Meet Yash Semlani, the eight-year-old travelling the world in the name of entrepreneurship
Friday, March 27, 2015/
Yash Semlani is proof it is never too early to become an entrepreneur.
At the tender age of six, the school kid from Houston, Texas asked his parents for a video console. But instead of just purchasing the console for him, Semlani’s parents suggested he try his hand at raising money through an old-fashioned lemonade stand to “learn the value of money”.
Together with his friend Vaansh, Semlani raised $580 from his first lemonade stand. The duo split the proceeds, Semlani donated $40 to a children’s charity and thought he would keep the remaining $200 for his video console.
But speaking to SmartCompany this week, the now eight-year-old Semlani says he never ended up buying the console, after realising “how hard I had to work to earn that money”.
The following year Semlani ran another lemonade stand, this time with a US-wide program called Lemonade Day, which was founded by Michael Holthouse, a member of the Young President’s Organisation (YPO). Raising money for the Texas Children’s Hospital, Semlani and his brother donated $6200 in profits from their lemonade stand to the hospital’s Help Kids Be Kids program with the help of a matching donor. As the face of the hospital’s campaign, he successfully raised another $59,000.
The experience prompted Semlani to establish his own not-for-profit organisation, Make A Difference Entrepreneurs (MADE), and he now travels around the USA to encourage other kids to start their own businesses and adults to support them. He is even in the process of filming a television series.
MADE is also what brings Semlani to Melbourne this week for YPO’s Global EDGE conference, along with more than 2000 chief executives and big names like Sir Bob Geldof, Olivia Newton-John and Malala Yousafzai.
Semlani admits he was “a little nervous” starting his first lemonade stand but his dad helped him out.
“My dad is an entrepreneur so I did hear some of his conversations and was very fascinated by how he would think of out-of-the-box ideas to grow his business,” Semlani says.
But he says his ideas of what makes an entrepreneur soon changed.
“I realised it’s a lot of hard work and an entrepreneur always needs to innovate and apply things learnt from other experiences to your business to move it forward,” he says.
“I also realised that without a mentor it’s hard for kids to set up a lemonade stand and understand some of the terminology in the workbook.
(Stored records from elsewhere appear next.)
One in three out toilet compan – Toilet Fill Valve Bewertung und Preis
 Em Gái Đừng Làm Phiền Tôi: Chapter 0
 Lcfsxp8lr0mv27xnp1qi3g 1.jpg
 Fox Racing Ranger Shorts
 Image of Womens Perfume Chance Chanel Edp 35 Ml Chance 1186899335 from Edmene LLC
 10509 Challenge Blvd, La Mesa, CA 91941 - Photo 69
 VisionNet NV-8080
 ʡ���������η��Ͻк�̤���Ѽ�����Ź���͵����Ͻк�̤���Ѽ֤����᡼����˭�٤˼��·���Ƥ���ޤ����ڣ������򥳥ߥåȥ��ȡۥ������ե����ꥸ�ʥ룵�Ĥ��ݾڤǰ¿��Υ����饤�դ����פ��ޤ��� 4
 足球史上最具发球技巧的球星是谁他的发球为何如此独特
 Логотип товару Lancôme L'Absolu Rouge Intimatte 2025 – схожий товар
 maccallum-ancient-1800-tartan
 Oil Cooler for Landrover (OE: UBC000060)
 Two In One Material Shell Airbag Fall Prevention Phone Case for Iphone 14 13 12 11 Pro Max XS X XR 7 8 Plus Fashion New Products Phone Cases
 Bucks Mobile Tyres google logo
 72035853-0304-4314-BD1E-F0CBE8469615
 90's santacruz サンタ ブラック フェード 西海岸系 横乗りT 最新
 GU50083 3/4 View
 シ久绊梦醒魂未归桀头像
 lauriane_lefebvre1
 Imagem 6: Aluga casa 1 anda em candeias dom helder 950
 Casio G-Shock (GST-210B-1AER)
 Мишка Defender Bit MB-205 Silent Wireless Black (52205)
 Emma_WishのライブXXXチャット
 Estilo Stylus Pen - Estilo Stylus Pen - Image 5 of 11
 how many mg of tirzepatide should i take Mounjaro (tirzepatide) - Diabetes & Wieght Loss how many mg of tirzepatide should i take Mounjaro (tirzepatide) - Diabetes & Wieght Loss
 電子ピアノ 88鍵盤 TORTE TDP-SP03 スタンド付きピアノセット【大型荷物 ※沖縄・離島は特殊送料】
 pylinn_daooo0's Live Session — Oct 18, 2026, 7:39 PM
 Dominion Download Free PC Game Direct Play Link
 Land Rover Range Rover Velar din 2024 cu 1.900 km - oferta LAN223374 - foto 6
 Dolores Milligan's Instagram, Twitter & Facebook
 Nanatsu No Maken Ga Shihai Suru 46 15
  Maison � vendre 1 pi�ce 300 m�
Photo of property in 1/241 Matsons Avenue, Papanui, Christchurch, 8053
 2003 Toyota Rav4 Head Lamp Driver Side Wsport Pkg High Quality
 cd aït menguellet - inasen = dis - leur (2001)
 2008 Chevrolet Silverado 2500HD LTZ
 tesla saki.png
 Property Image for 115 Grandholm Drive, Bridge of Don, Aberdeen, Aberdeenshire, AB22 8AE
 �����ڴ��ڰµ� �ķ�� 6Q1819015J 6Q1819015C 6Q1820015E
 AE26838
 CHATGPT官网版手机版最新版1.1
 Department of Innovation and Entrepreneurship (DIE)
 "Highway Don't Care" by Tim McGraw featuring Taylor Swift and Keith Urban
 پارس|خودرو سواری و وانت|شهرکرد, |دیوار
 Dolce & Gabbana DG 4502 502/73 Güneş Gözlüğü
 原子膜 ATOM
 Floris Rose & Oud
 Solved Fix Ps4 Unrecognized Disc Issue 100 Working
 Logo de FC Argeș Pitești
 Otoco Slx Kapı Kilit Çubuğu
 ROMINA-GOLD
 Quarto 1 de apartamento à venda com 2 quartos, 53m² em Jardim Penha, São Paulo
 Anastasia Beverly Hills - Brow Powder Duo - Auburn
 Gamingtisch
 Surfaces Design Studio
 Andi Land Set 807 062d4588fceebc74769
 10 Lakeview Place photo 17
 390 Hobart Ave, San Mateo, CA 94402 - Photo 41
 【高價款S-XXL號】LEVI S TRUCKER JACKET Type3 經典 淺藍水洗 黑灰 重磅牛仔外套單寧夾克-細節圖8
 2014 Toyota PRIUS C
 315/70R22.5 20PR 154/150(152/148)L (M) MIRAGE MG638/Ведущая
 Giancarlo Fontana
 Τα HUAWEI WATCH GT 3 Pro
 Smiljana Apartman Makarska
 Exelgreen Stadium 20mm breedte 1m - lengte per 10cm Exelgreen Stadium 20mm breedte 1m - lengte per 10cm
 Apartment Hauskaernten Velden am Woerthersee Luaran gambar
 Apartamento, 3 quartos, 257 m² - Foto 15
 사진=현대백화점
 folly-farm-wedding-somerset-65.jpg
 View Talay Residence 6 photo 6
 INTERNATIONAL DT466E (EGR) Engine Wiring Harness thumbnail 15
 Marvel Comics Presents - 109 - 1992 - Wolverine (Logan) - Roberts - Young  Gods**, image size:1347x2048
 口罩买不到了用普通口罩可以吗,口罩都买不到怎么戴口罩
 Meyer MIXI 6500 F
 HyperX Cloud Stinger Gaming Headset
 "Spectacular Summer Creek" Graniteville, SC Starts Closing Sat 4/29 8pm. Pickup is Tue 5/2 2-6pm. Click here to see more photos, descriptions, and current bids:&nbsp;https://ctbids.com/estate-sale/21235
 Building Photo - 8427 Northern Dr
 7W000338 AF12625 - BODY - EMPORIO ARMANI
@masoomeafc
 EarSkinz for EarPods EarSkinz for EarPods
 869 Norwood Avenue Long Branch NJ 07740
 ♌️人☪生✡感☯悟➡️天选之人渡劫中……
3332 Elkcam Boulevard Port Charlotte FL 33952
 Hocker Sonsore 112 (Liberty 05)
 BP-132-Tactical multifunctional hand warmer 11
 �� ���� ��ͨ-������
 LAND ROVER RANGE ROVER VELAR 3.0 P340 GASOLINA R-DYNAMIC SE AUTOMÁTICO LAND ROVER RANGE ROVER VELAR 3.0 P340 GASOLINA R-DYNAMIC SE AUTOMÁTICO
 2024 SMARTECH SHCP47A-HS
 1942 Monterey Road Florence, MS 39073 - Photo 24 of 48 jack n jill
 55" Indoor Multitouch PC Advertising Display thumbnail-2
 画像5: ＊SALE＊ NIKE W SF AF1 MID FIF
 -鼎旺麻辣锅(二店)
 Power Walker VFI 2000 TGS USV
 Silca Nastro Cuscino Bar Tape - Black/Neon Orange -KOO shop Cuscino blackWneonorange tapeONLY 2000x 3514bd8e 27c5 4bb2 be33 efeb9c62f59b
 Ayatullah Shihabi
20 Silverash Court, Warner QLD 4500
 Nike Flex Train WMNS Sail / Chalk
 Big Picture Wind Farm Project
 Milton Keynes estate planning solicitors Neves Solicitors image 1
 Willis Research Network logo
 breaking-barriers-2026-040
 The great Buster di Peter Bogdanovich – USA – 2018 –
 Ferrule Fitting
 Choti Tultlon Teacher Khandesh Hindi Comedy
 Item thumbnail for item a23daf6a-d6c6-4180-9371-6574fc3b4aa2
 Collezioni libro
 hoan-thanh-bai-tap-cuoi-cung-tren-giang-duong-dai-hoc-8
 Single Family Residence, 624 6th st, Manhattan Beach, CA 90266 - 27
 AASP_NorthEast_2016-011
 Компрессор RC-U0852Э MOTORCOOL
Some of my friends who signed up did not actually do the stand making me very sad.”
Semlani says some people have told him he is too young to pursue his dreams, but he says age doesn’t matter.
“I just smiled at them and went about doing what I believed in and the results are very visible,” he says.
“People spend the first half of their lives saying they are too young and the second half saying they are too old.”
He knows that there will be “ups and downs” in his career, but he says his dad has taught him “the highs and lows are like sunrise and sunset, after a dark night knowing that the sun will rise helps you face the difficult times”.
Semlani has bold goals for MADE but he says the organisation needs more mentors to help the “millions of kids in the world that need to experience entrepreneurship and making a difference”.
“My brother and I are only eight and five and the challenge we have taken on with MADE is not easy,” he says.
“But [it is] one that cannot be postponed and one that we intend to win. There are millions of kids out there that are not as fortunate as you or your family.”